**Task objective:**
Write out the material below again, line for line, without any images.

[[ Raw data, beginning ]]

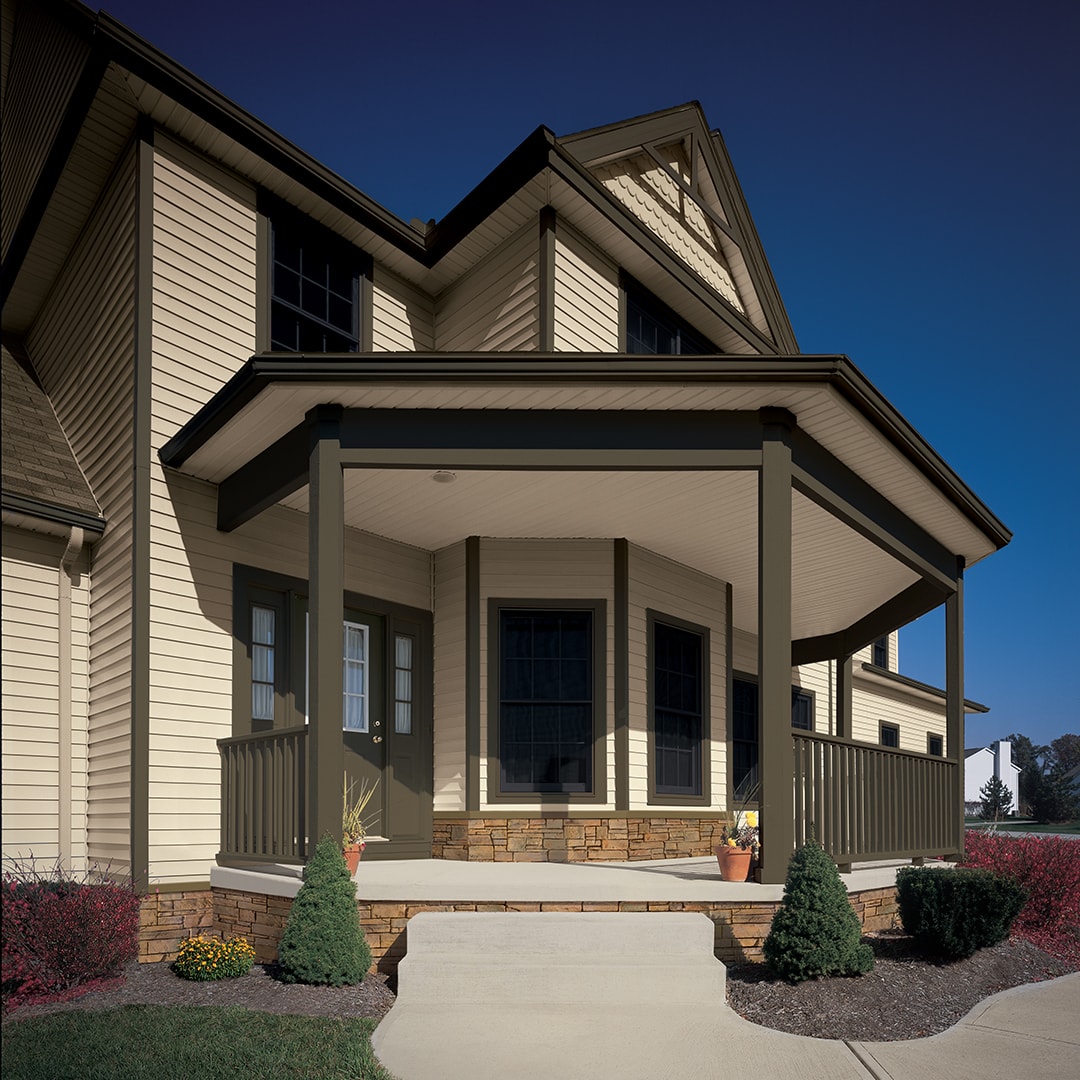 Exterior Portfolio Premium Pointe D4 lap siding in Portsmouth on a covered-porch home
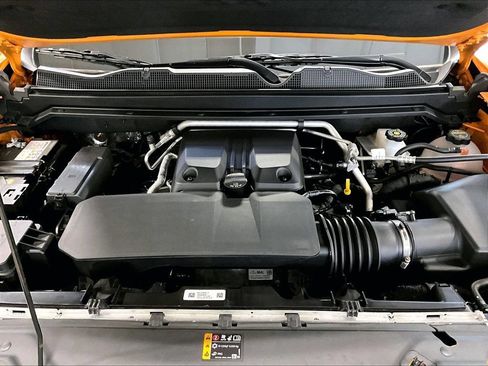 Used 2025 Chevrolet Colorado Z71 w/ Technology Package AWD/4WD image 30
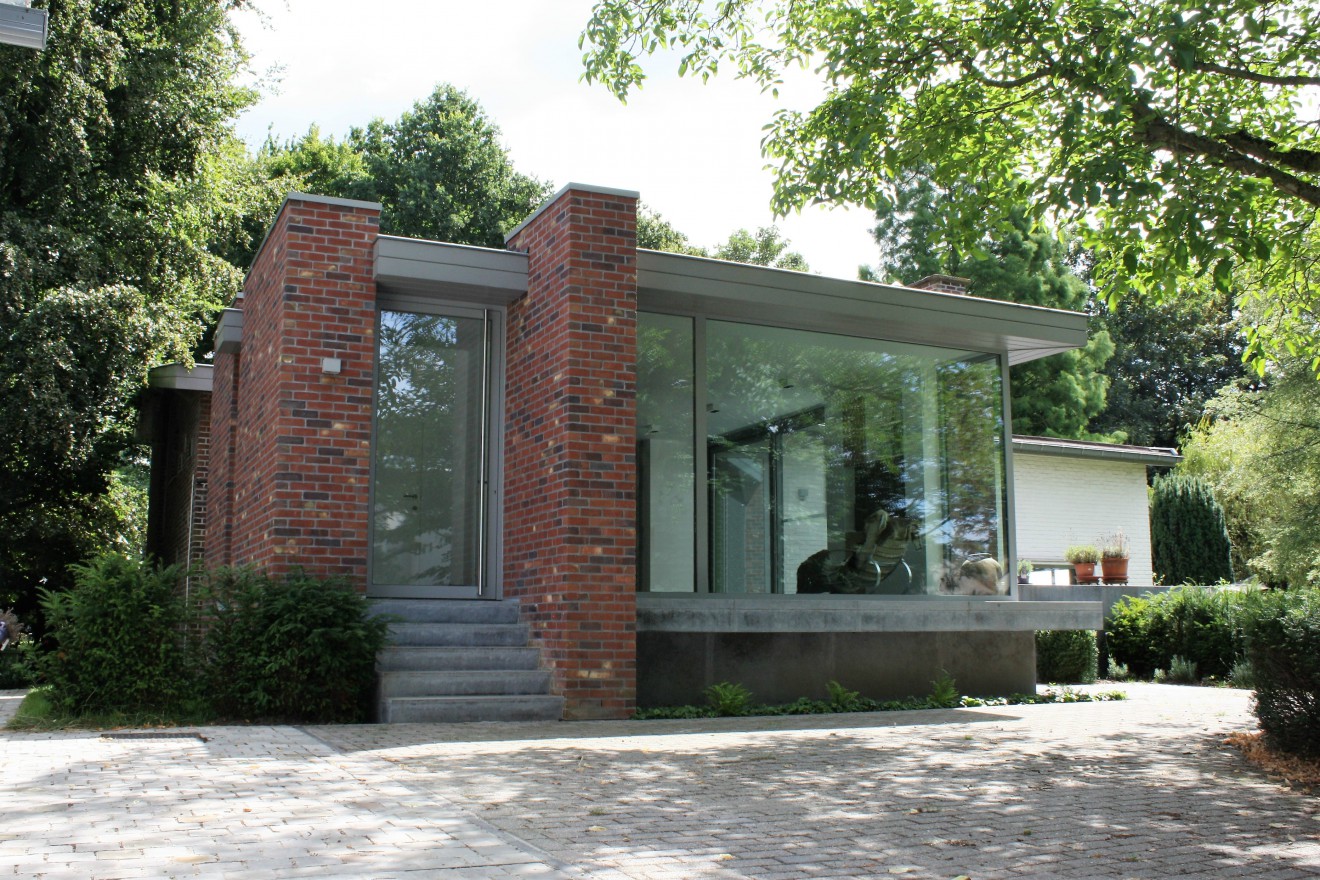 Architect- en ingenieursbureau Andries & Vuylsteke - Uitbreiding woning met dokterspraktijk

[[ Raw data, end ]]

**Result of the exercise:**
 Exterior Portfolio Premium Pointe D4 lap siding in Portsmouth on a covered-porch home
 Used 2025 Chevrolet Colorado Z71 w/ Technology Package AWD/4WD image 30
 Architect- en ingenieursbureau Andries & Vuylsteke - Uitbreiding woning met dokterspraktijk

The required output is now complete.